Brit holidaymakers warning as little-known beach rule could see you fined £130

The rules affect some beaches in Spain, with people needing to gain permission before continuing

Published

Brit holidaymakers have been warned that they could face fines of up to £130 because of a little-known rule.

People could be slapped with the fine for simply building sand castles on Levante beach in Spain.

The rules came into place following a Benidorm Town Hall vote in 2016.

Building sandcastles are also banned for most people in Arona and Arica in Tenerife.

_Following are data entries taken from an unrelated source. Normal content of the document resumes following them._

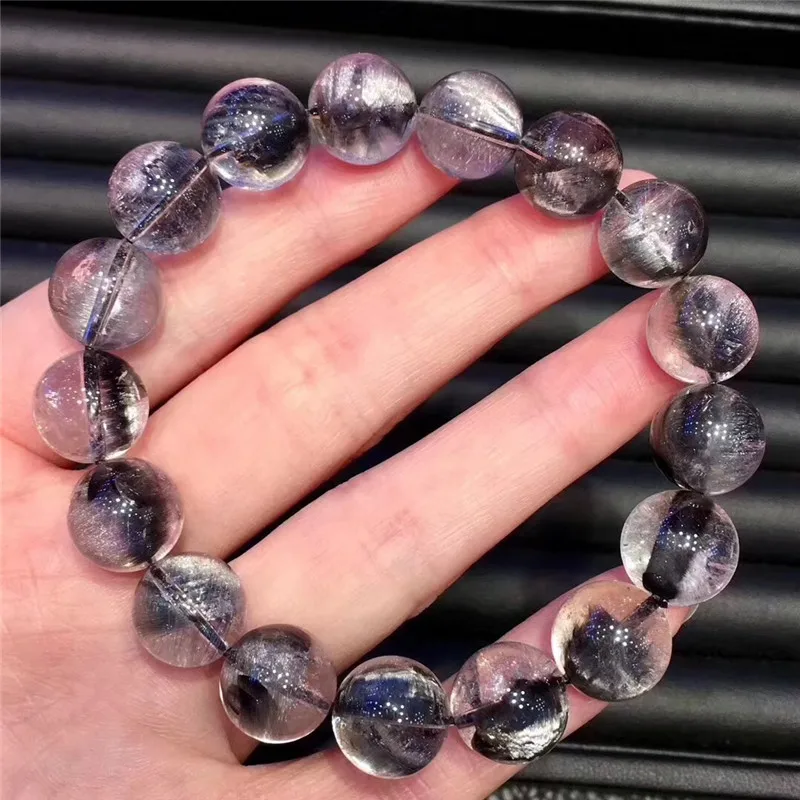 Natural Brookite Platinum Silver Rutilated Quartz Bracelet  (6)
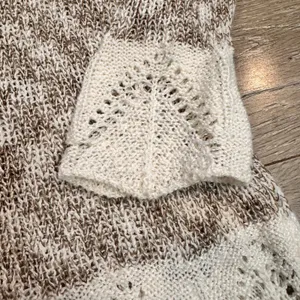 Poof Knit Sweater‎ Beige Crochet Hem Lace Cuffs Size Large L Whimsy thumbnail 3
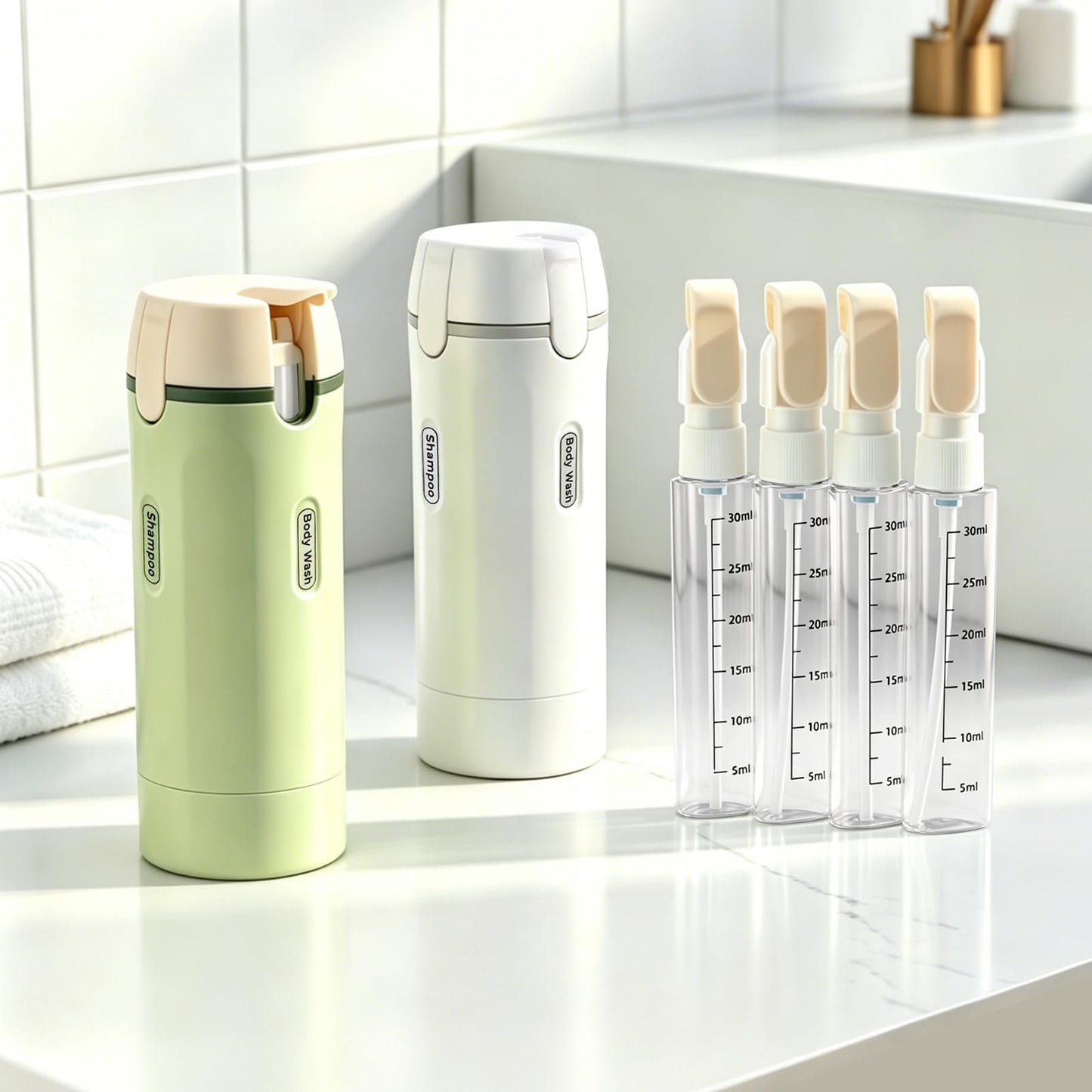 ZXAPJJD 4 in 1 Travel Dispenser Bottle, Leakproof Rotatable Travel Pump Bottles for Toiletries, TSA Approved Hard Shell Liquid Containers (4x30ml/1oz), Essentials for Women & Men (White)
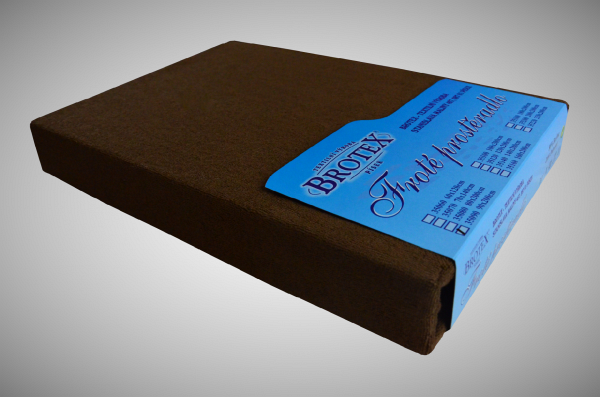 Froté prostěradlo tmavě hnědé, rozměr: 100x200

Sandcastle building could lead to a £130 fine
Sandcastle building could lead to a £130 fine
Beachgoers in some Spanish regions could face the fines
Beachgoers in some Spanish regions could face the fines

In order to gain permission to build sand sculptures, people must apply for a municipal permit.

If you don’t then you are open to face the £130 penalty.

While the Italian town of Sorrento has banned people walking around in bikinis, with fines of up to £425 being handed out to those found in breach of the new rules.

Sorrento’s mayor, Massimo Coppola said the ban, which also includes bare torsos, has been brought in because exposed skin was upsetting locals.

Ms Coppola said he has recently witnessed “behaviour that is seen by the majority of people as contrary to decorum and to the decency that characterises civilised cohabitation”.

He added: “The continuation of this situation, as well as causing discomfort and unease in the resident population and among visitors, could lead to a negative judgment on the quality of life in our town, with consequences for its image and for tourism,” as quoted by the Times.